Google has announced the beta of Memorystore for Memcached, which is a new service providing a fully managed in-memory datastore that is compatible with the open-source Memcached protocol. It will join Redis in the Memorystore family that was first launched in 2018.
Gopal Ashok, Google’s product manager for Memorystore, noted in an announcement that Redis continues to remain a popular choice for use cases such as threat detection, API rate limiting, session stores, gaming leaderboards, and stream analytics, while Memcached is usually used as a caching layer for databases and as a session store by developers. With this new service, developers can now scale their clusters up to 5TB of memory per instance.
Developers would be able to take any of their apps that makes use of the protocol and can then migrate them over to Google Cloud and its Memorystore platform as the service is fully compatible with Memcached.
Identifying the right size of a cache remains an intriguing and complicated task but it is argued by Google Cloud that developers would be guided by its detailed metrics to easily scale their instances up and down as required with the purpose of optimizing the service for their specific use cases.
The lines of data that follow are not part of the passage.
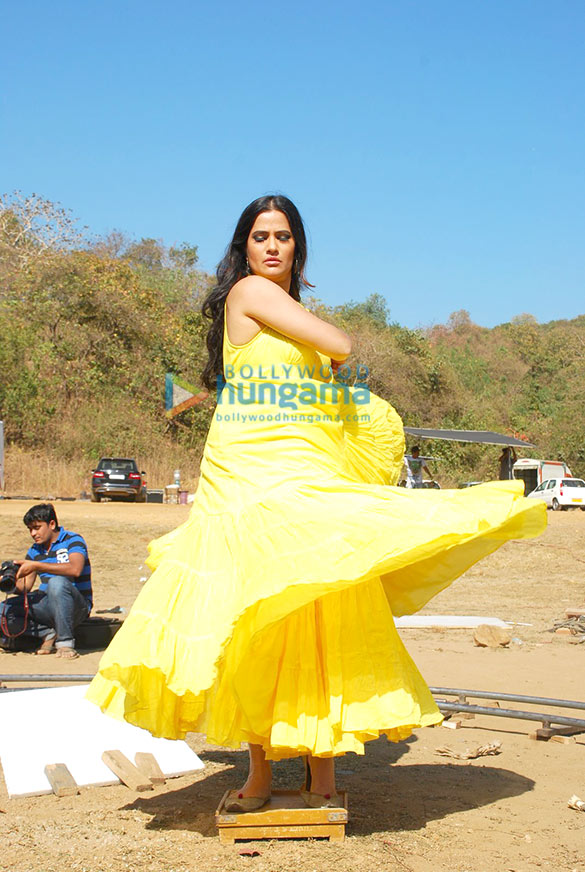 sona mohapatra shoots for the promotional track of the film saavi 3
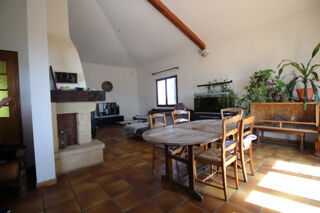  Maison à vendre 10 pièces 239 m²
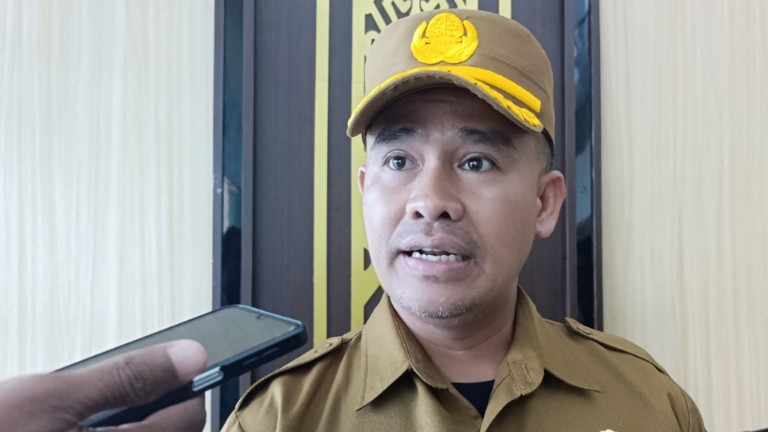 Kepala Bagian Pengadaan Barang dan Jasa (BPBJ) Setda Mimika, Anton Pasoro, foto: Martha/Papua60detik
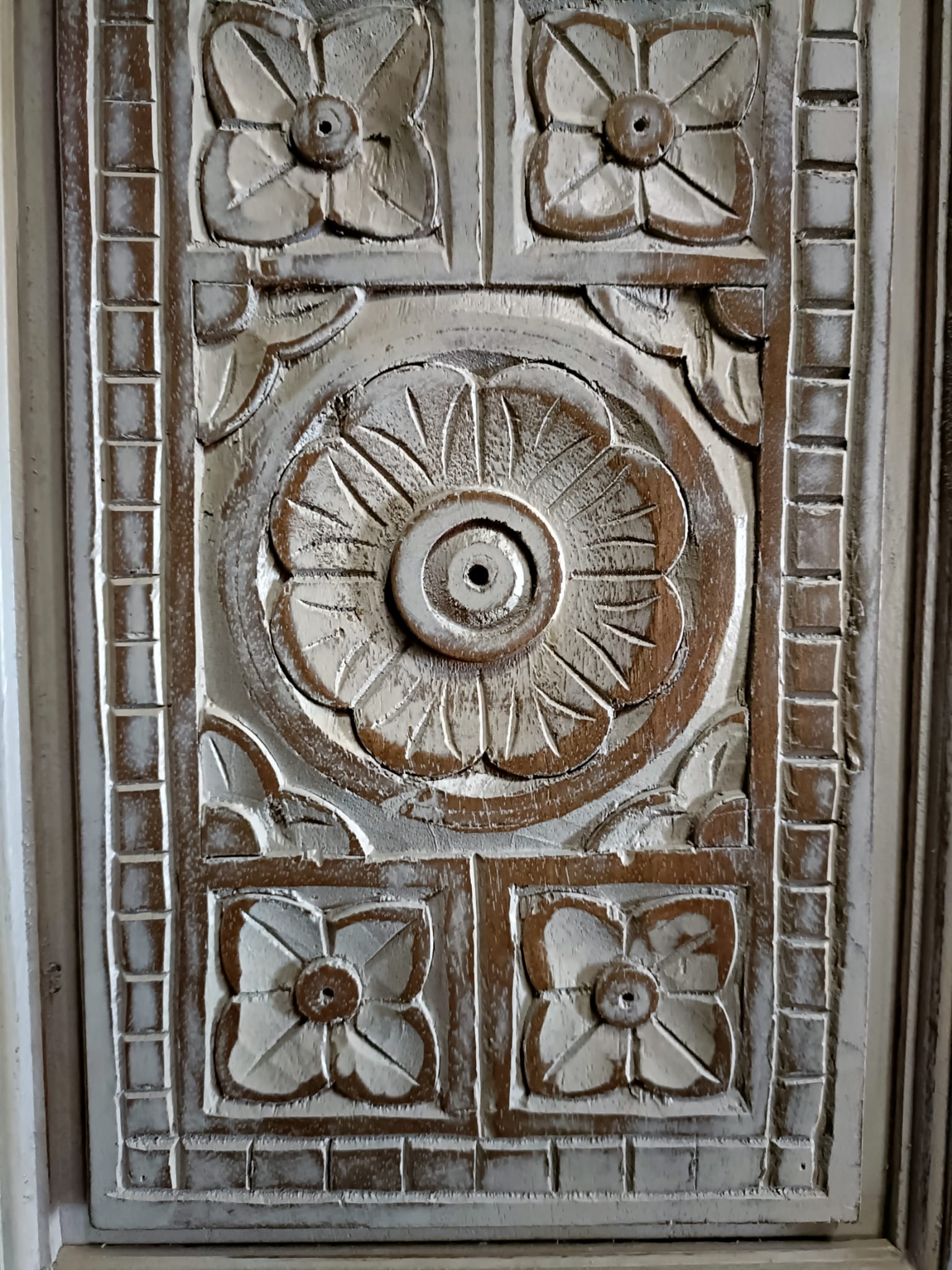 White chest of drawers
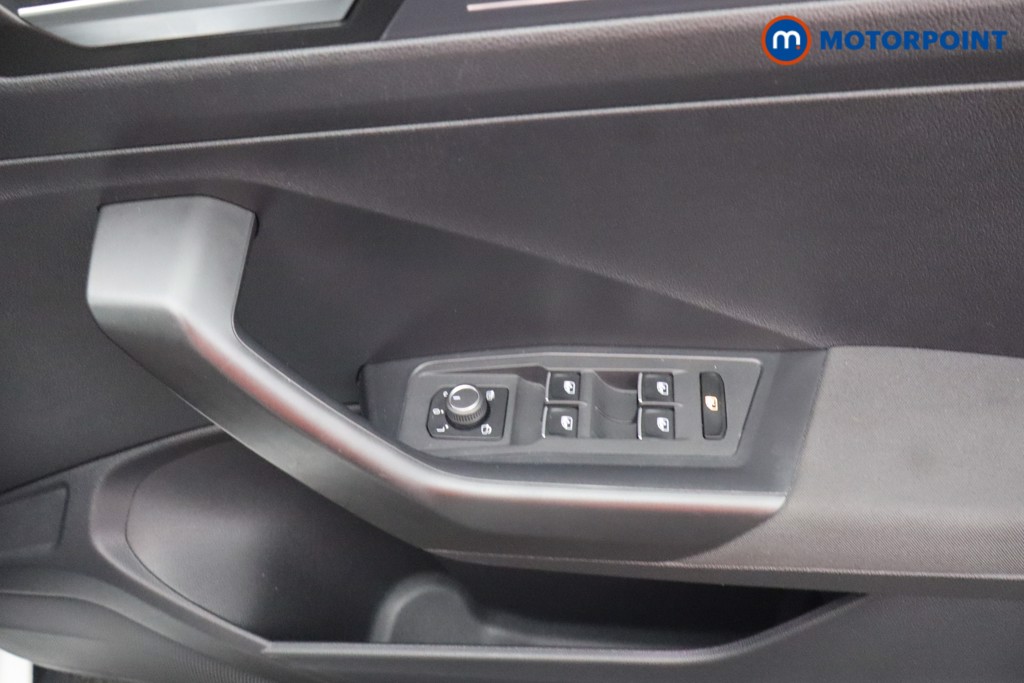 Volkswagen T-Roc SEL Manual Petrol SUV - Stock Number (1584204) - 11th supplementary image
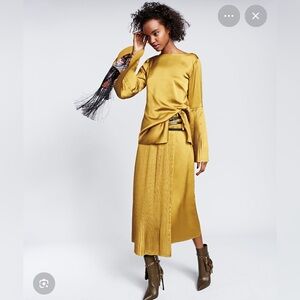 Banana Republic x Olivia Palermo Olive Pleated Blouse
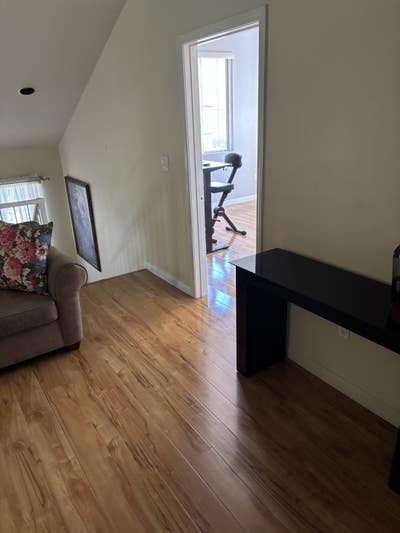 Room Available in Lrg 3 Br Apartment Main Photo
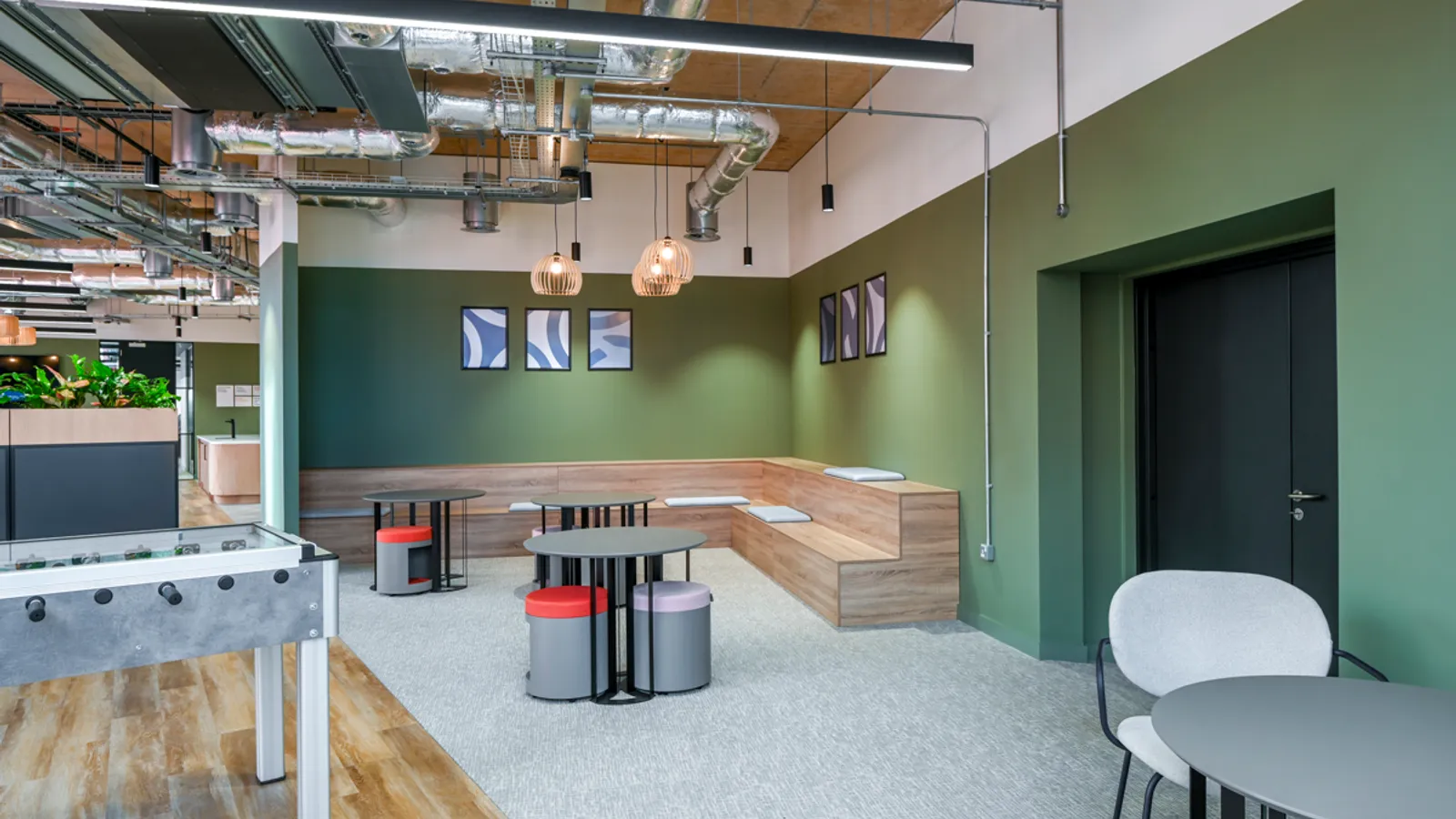 Area Fasthost Office Curator SMALL 7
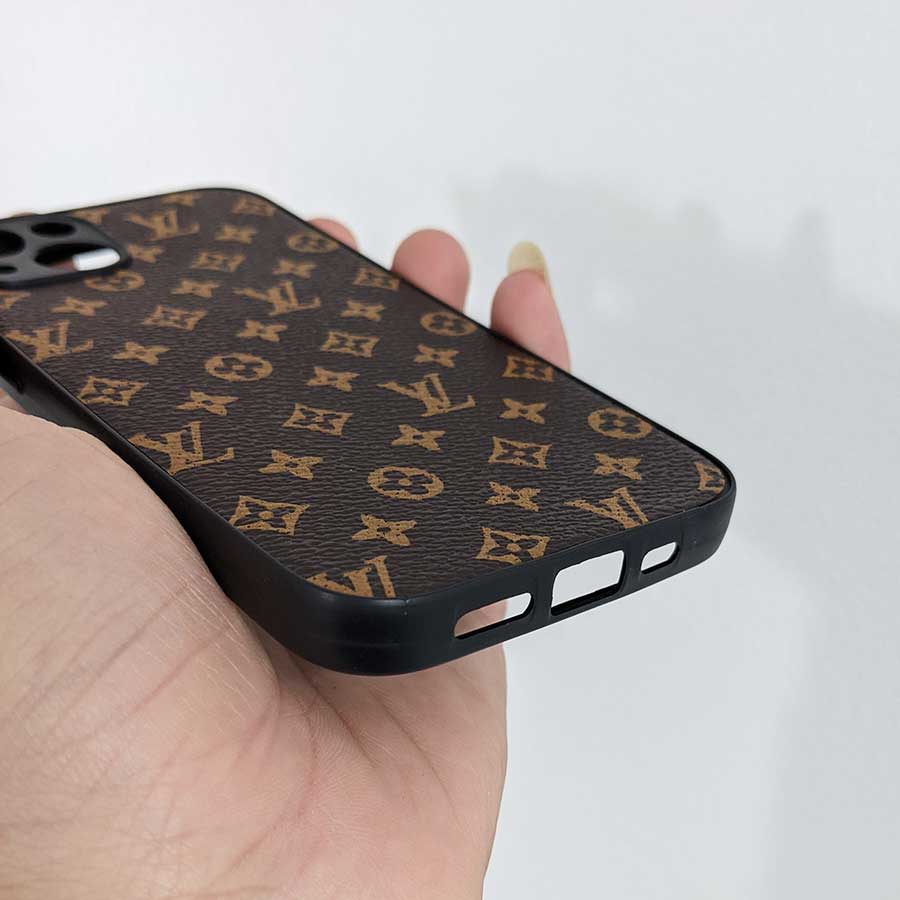 Ốp lưng họa tiết LV iPhone 13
The company noted that those metrics are exposed in Cloud Monitoring, Google Cloud’s centralized monitoring dashboard, and the Cloud Console.
Google, as a fully managed service, will be handling all of the routine tasks such as patching and monitoring. Memorystore for Memcached presently can be used for apps that run on Compute Engine, App Engine Standard, Google Kubernetes Engine (GKE), App Engine Flex, and Cloud Functions.
Similar services are offered by startups like MemCachier and even Amazon with ElastiCache for Memcached. Redis Labs is also offering a fully managed Memcached service that can run on AWS, Azure and Google Cloud.